Regulation of the innate immune response in human neurons by ICP34.5 maintains herpes simplex virus 1 latency.

Herpes simplex virus 1 (HSV-1) establishes latent infections in sensory neurons, from which HSV sporadically reactivates due to external stress and other stimuli. Latency and reactivation are studied through in vivo models in a variety of hosts, as well as in vitro models using primary neurons, and neurons derived from pluripotent stem cells (iPSCs). These systems behave disparately, but the reasons remain unknown. The interferon (IFN)-based neuronal innate immune response is critical in controlling HSV-1 replication and HSV-1 counters these responses in part through infected-cell protein 34.5 (ICP34.5). ICP34.5 also promotes neurovirulence by preventing host translational shutoff and interfering with host cell autophagy. Here we demonstrate in a human iPSC neuronal model that sustaining host translation is the key activity of ICP34.5 for enhancement of reactivation. Specifically, our data shows that ICP34.5 was key for maintenance of HSV-1 latency. While interaction of ICP34.5 with the autophagy regulator Beclin 1 was important for maintaining latency, this was not due to modulation of bulk autophagy.

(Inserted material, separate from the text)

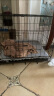 宠乐乖（CHONGLEGUAI） 狗笼猫笼 狗笼子中小型犬幼犬加粗加密折叠便携猫笼子猫咪500ZG 实拍图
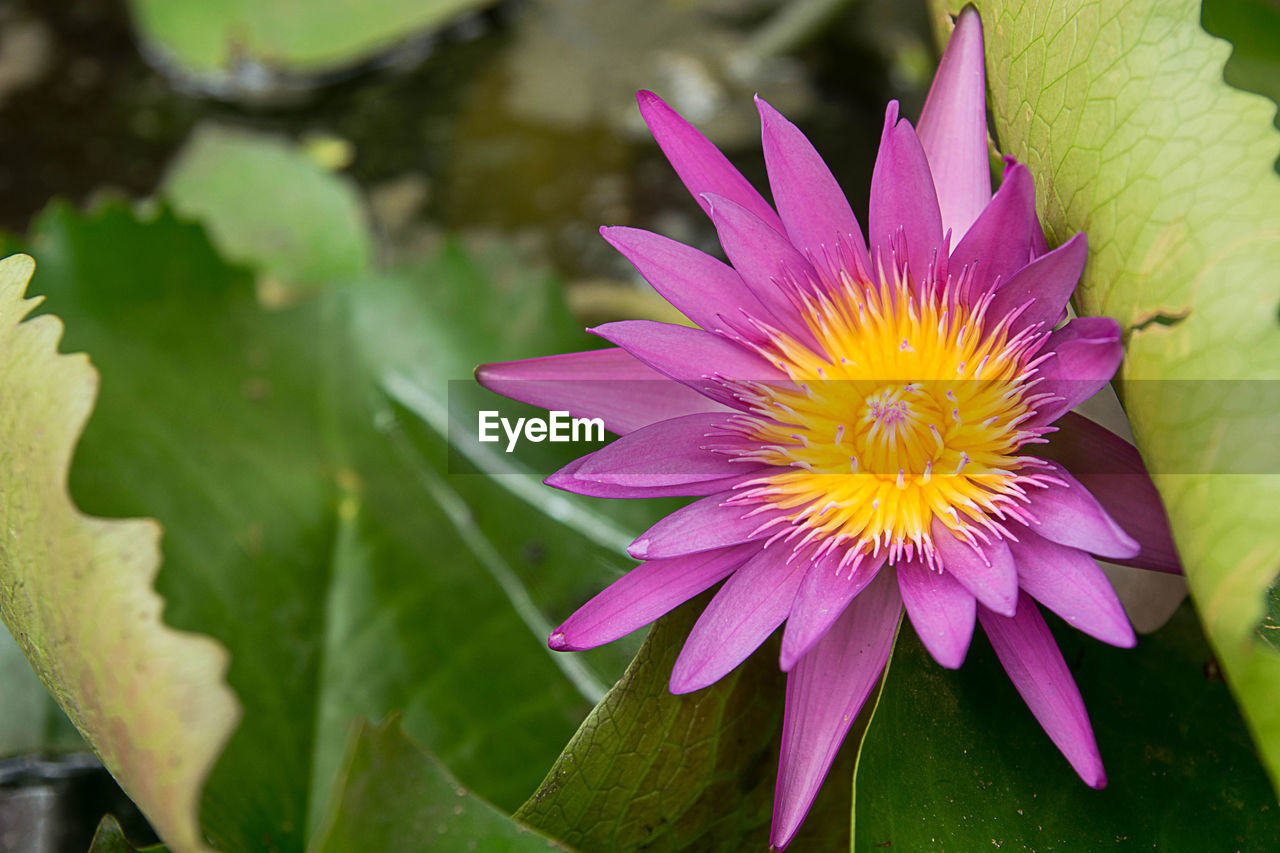 CLOSE-UP OF FRESH PINK WATER LILY IN PURPLE LOTUS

Our work from primary mouse neurons suggested that the major effect of ICP34.5 on latency maintenance occurs in an IRF3/7-dependent manner. Notably, the role of ICP34.5 in regulating latency and reactivation differs between neurons derived from human iPSCs (iNeurons) and primary mouse trigeminal (TG) neurons. This highlights the importance of selecting an appropriate neuronal model and validating experimental outcomes in multiple models.